SQL – Joining data

In the previous article I have described the principles of the relational databases. This leads to the SQL language which is built upon them and is used by many database systems worldwide. In this article I will describe in more details how individual relations (tables) are connected (joined) together. I assume that you have some basic experience with SQL in querying individual tables.

Introduction

When working with a database, and especially when working with multiple tables, it is crucial to understand the structure of the database – its database schema. There is a full follow up article about the database design in which I explain how to create the schema. But before you start designing your own databases it is good to know how to work with existing ones.

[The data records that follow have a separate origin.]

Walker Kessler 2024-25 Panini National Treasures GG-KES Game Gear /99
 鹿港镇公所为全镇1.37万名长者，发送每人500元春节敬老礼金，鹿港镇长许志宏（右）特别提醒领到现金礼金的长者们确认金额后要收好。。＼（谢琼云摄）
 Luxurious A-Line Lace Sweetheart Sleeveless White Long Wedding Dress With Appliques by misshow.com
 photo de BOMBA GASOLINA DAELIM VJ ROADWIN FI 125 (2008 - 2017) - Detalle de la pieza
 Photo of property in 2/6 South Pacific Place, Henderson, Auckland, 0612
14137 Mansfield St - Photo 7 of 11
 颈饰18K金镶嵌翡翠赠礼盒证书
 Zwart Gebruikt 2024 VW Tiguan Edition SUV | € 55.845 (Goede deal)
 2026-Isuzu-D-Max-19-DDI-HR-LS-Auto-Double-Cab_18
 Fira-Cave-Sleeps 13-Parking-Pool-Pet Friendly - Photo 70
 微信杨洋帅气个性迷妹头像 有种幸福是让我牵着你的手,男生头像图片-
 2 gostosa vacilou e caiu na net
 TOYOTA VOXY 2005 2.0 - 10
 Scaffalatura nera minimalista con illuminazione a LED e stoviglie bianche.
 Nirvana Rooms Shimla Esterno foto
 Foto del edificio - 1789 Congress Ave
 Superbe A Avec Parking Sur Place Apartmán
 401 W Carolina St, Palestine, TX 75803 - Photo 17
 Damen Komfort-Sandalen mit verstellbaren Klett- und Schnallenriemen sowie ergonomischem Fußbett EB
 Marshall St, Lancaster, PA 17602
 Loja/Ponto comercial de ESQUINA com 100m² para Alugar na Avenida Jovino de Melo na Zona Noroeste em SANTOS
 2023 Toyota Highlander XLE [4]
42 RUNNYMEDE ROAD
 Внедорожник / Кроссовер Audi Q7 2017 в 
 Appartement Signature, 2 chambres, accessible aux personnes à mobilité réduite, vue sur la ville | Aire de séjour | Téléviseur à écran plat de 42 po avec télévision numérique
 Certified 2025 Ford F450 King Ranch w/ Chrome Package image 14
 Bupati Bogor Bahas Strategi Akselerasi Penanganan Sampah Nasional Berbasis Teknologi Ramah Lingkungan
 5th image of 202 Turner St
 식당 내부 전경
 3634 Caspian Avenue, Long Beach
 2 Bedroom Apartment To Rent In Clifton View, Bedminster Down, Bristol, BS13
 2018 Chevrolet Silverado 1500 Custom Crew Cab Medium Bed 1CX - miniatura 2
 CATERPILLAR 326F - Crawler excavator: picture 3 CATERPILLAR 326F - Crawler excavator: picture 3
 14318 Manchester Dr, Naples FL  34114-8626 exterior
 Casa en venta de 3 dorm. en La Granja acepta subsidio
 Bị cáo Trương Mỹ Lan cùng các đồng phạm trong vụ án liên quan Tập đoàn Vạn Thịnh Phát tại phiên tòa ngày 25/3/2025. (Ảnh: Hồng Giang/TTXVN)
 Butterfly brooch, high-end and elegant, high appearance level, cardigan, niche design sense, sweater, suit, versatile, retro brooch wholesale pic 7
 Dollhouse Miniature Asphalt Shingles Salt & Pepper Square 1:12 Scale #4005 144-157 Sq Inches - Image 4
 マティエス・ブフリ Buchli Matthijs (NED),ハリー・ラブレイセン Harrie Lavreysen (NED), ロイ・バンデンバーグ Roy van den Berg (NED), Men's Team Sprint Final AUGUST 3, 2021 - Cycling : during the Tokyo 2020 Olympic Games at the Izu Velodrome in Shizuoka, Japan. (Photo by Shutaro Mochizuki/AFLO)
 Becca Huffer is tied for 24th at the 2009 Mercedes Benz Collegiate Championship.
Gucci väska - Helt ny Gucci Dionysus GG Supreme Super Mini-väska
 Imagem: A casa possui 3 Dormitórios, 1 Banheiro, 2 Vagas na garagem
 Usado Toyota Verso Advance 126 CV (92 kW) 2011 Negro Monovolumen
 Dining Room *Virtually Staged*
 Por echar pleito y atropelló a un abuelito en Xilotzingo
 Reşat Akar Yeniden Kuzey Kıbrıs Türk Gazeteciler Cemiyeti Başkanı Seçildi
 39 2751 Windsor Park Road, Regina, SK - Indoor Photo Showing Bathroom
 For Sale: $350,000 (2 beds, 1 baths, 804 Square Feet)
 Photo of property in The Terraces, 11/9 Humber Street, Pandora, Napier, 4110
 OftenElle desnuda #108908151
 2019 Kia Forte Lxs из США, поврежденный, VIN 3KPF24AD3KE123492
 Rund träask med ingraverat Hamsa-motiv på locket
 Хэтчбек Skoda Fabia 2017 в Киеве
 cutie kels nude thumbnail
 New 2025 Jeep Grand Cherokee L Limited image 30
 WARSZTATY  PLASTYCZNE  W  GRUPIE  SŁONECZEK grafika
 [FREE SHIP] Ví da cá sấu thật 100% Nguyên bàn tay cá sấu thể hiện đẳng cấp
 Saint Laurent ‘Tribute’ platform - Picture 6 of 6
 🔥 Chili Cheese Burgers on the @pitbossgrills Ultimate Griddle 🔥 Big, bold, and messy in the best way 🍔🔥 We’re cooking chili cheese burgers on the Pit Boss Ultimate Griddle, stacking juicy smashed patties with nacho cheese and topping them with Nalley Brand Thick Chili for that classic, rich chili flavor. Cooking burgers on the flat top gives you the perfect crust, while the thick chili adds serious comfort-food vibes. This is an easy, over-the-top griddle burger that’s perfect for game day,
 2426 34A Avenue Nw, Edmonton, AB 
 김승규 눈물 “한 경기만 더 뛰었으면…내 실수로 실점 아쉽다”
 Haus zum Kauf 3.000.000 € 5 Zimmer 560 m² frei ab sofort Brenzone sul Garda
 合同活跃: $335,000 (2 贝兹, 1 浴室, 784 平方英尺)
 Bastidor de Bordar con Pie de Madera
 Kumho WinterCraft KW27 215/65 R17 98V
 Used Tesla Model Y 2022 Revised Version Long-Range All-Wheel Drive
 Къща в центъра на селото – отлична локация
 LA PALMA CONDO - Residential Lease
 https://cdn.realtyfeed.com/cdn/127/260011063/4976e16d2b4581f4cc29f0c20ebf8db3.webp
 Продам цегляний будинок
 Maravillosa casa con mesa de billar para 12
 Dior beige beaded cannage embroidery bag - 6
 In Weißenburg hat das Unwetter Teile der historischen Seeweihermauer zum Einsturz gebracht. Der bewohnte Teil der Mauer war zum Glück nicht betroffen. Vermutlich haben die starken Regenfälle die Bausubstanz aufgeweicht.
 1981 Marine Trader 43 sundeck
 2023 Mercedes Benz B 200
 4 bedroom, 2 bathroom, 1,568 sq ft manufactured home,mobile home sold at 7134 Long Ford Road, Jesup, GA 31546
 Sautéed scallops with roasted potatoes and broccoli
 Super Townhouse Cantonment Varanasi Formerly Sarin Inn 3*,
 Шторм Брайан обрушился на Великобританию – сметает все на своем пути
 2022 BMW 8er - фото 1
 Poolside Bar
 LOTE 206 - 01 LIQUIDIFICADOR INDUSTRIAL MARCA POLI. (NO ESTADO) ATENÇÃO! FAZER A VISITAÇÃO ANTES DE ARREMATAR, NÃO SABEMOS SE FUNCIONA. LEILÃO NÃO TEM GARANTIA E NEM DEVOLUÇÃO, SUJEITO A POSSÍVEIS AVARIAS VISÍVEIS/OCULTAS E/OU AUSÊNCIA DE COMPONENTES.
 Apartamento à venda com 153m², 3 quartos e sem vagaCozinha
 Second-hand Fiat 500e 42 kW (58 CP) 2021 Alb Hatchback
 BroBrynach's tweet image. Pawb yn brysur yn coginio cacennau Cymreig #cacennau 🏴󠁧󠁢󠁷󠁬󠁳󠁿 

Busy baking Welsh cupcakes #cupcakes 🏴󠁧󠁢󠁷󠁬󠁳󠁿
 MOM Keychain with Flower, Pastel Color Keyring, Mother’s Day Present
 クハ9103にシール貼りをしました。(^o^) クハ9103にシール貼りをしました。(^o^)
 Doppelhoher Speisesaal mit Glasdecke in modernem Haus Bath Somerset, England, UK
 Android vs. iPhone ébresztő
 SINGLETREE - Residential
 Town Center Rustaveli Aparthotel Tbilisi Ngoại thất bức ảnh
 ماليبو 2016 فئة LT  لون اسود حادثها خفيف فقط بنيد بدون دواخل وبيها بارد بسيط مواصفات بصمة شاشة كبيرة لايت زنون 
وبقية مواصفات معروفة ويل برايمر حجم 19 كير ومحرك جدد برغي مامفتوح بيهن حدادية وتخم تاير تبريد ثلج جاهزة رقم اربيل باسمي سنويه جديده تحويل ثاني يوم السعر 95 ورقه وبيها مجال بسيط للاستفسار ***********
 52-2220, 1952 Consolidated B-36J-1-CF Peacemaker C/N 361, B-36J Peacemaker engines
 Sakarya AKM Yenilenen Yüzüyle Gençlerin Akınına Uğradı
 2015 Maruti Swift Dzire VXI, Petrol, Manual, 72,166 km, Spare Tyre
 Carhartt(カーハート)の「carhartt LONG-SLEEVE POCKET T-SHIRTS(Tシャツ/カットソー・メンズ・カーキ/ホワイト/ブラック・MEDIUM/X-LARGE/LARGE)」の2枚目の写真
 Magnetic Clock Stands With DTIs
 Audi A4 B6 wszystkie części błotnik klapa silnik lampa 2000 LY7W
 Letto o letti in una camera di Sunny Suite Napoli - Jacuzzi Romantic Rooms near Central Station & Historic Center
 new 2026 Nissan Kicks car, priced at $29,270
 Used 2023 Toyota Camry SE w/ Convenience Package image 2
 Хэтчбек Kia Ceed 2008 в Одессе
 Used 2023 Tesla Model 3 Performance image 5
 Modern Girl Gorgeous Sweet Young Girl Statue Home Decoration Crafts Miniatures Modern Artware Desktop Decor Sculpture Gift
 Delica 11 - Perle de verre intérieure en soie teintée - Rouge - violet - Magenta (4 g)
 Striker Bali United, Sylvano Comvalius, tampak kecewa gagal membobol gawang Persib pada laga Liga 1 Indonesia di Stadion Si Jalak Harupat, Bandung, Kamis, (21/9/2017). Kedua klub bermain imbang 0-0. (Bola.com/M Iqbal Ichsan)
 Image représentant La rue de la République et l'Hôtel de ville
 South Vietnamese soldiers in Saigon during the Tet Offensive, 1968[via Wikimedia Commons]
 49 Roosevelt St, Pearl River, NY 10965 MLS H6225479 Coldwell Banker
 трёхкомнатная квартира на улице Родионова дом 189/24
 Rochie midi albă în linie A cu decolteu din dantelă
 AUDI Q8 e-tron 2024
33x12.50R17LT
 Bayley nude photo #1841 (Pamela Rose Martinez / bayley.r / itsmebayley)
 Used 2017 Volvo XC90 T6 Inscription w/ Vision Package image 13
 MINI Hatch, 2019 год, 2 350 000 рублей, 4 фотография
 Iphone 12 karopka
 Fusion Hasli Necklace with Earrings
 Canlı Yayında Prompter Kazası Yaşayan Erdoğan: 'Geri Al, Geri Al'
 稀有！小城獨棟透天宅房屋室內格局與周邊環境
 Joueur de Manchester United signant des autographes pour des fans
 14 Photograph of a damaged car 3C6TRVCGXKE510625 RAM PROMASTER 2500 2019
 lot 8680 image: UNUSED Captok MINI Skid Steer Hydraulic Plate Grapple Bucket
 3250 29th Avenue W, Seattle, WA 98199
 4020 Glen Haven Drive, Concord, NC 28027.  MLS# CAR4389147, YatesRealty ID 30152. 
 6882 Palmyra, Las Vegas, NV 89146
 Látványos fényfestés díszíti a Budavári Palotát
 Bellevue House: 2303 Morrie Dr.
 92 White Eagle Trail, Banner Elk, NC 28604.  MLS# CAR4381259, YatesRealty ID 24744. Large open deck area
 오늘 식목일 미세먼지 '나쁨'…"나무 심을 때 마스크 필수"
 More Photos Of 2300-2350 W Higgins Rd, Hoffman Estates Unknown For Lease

Reading the Database Schema

The example database has the following schema:

Database Schema

There are eight tables in the schema, each table has its columns and their data types listed in the schema. The schema also shows keys:

  • a column marked with PK is part of a Primary Key,
  • a column marked with FK is part of a Foreign Key,
  • a column marked with K is part of some other Key.

The database schema also shows lines representing relationships between tables (relations) – these provide further details about the defined foreign keys. The relationship endpoints represent cardinality of the relationship – how many records of the relation may reference how many other rows. A bar means one, a circle means zero and a foot means N. Examples:

ERD Legend

Reading that you can see for example that:

  • the person_meeting table has a compound primary key;
  • the person table has a compound key on the combination first_name, last_name, nickname;
  • the contact_type.name column must be unique;
  • the meeting.id_location column references the location.id_location column;
  • a meeting has 1..1 relationship to the location therefore a meeting must have exactly one (at least one and at most one) assigned location
  • a location has 0..N relationship to the meeting therefore a location can be used by zero or more meetings (a location does not have to be used in any meeting at all);
  • a person can have zero or more contacts;
  • a contact must be assigned to exactly one person;
  • a person may have zero or more attendances (person_meeting);
  • an attendance must be assigned to one person.

Selecting Data

I assume you know how to select data from a single table. When joining multiple tables together, it is important to follow some good practices. First it is good practice to be explicit about column names and use dot notation to specify fully qualified column names. So instead of SELECT description FROM ... use SELECT meeting.description FROM ..., otherwise you will run into weird errors in case you join tables which happen to have columns with same name.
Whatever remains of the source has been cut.